REQUIREMENT | The listing below must be repeated word for word, with its images excluded.

##### SOURCE MATERIAL #####

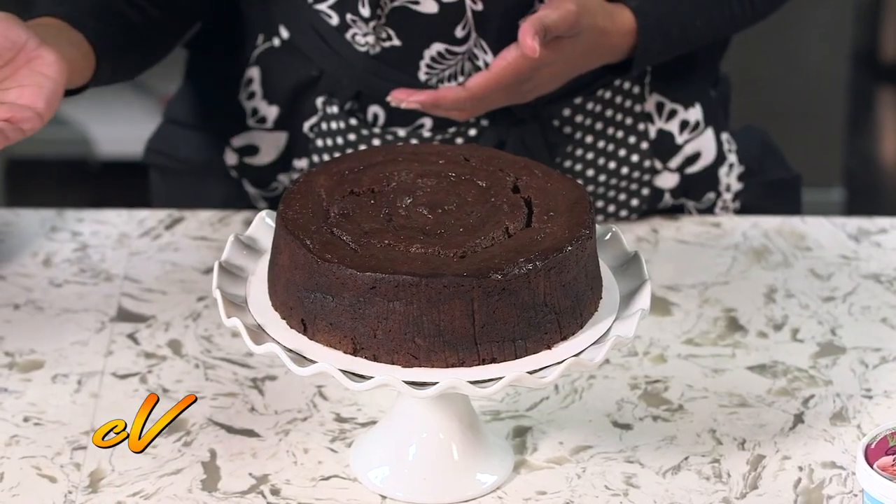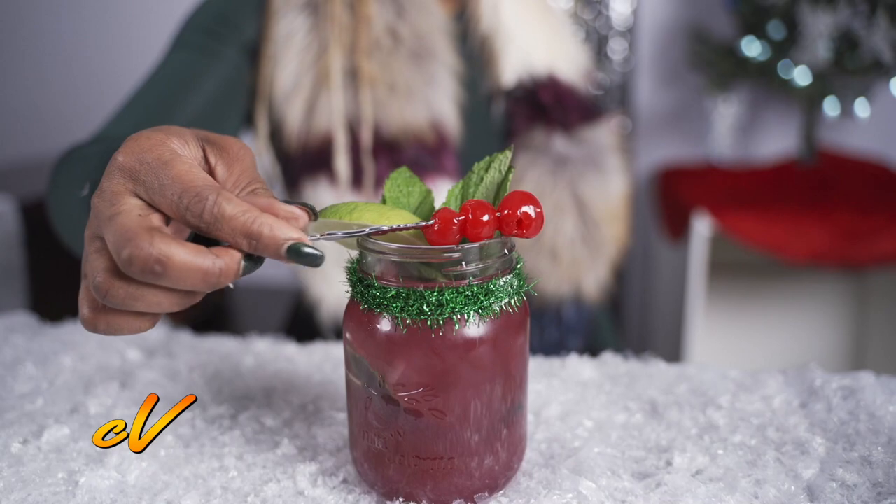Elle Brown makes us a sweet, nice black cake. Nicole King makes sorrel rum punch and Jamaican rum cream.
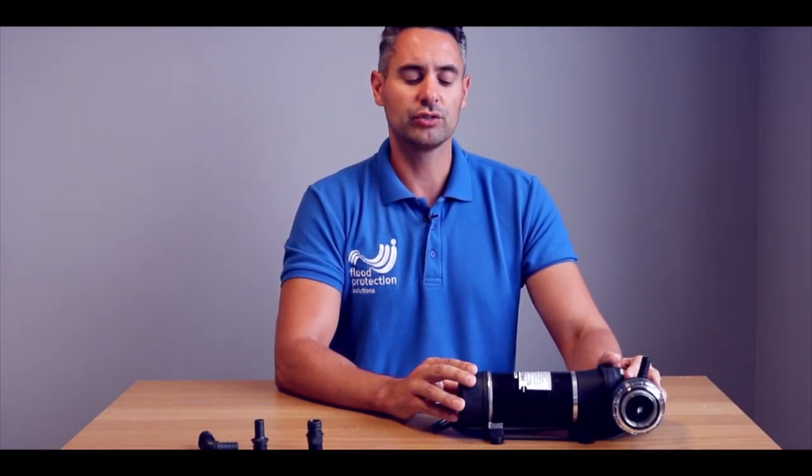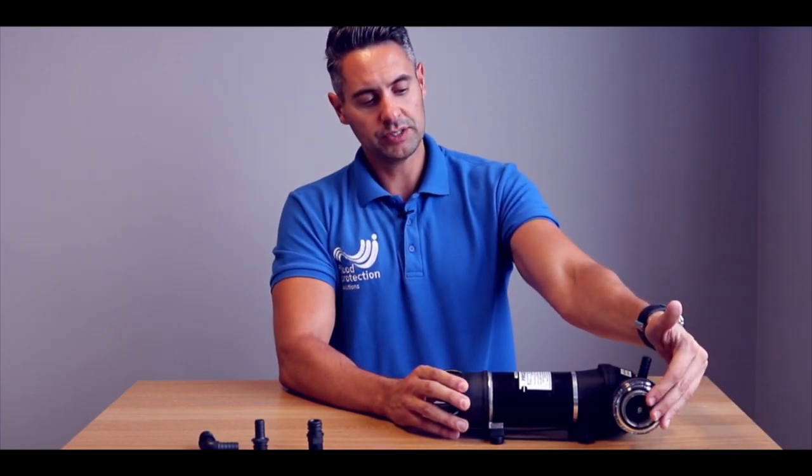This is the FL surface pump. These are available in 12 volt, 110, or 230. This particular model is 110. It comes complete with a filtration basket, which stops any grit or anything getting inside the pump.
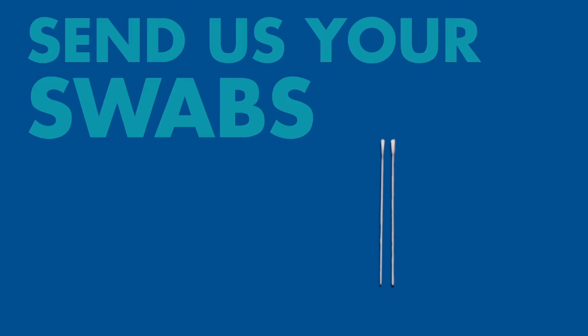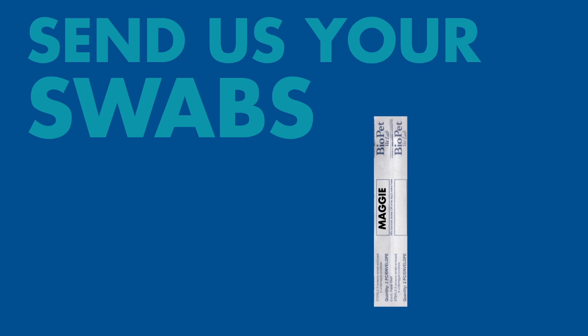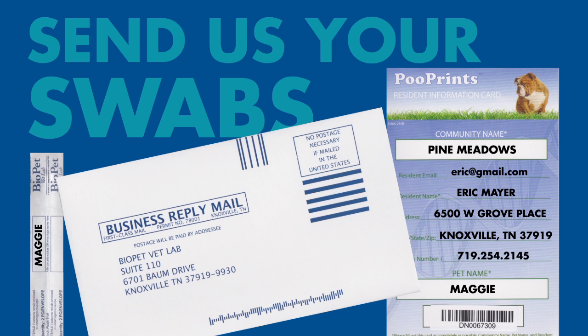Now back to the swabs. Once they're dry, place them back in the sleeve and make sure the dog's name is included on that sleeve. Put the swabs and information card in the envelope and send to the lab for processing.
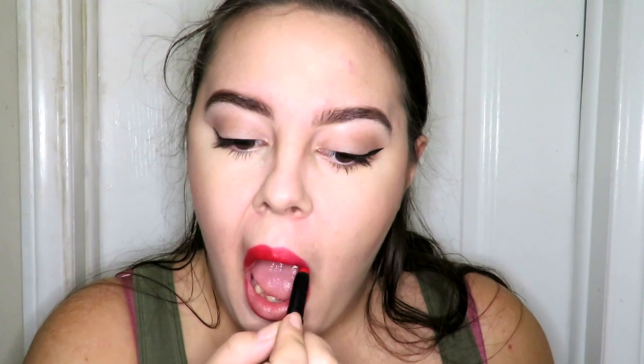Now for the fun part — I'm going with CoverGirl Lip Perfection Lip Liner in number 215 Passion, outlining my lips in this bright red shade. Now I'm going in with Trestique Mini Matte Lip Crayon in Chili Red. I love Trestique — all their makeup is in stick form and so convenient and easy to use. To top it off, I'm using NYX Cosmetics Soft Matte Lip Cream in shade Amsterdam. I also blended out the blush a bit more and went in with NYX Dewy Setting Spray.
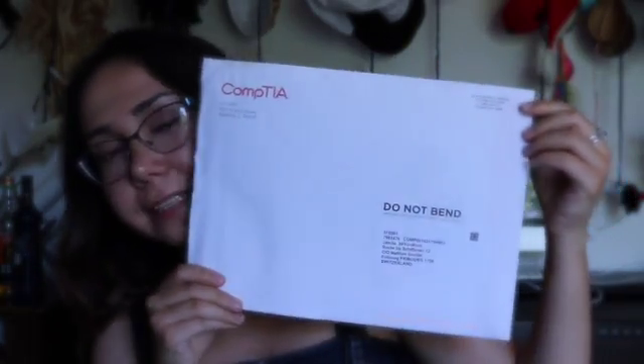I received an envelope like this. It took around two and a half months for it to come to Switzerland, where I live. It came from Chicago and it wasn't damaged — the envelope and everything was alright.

#####

ANSWER TO THIS PROBLEM |
Elle Brown makes us a sweet, nice black cake. Nicole King makes sorrel rum punch and Jamaican rum cream.
This is the FL surface pump. These are available in 12 volt, 110, or 230. This particular model is 110. It comes complete with a filtration basket, which stops any grit or anything getting inside the pump.
Now back to the swabs. Once they're dry, place them back in the sleeve and make sure the dog's name is included on that sleeve. Put the swabs and information card in the envelope and send to the lab for processing.
Now for the fun part — I'm going with CoverGirl Lip Perfection Lip Liner in number 215 Passion, outlining my lips in this bright red shade. Now I'm going in with Trestique Mini Matte Lip Crayon in Chili Red. I love Trestique — all their makeup is in stick form and so convenient and easy to use. To top it off, I'm using NYX Cosmetics Soft Matte Lip Cream in shade Amsterdam. I also blended out the blush a bit more and went in with NYX Dewy Setting Spray.
I received an envelope like this. It took around two and a half months for it to come to Switzerland, where I live. It came from Chicago and it wasn't damaged — the envelope and everything was alright.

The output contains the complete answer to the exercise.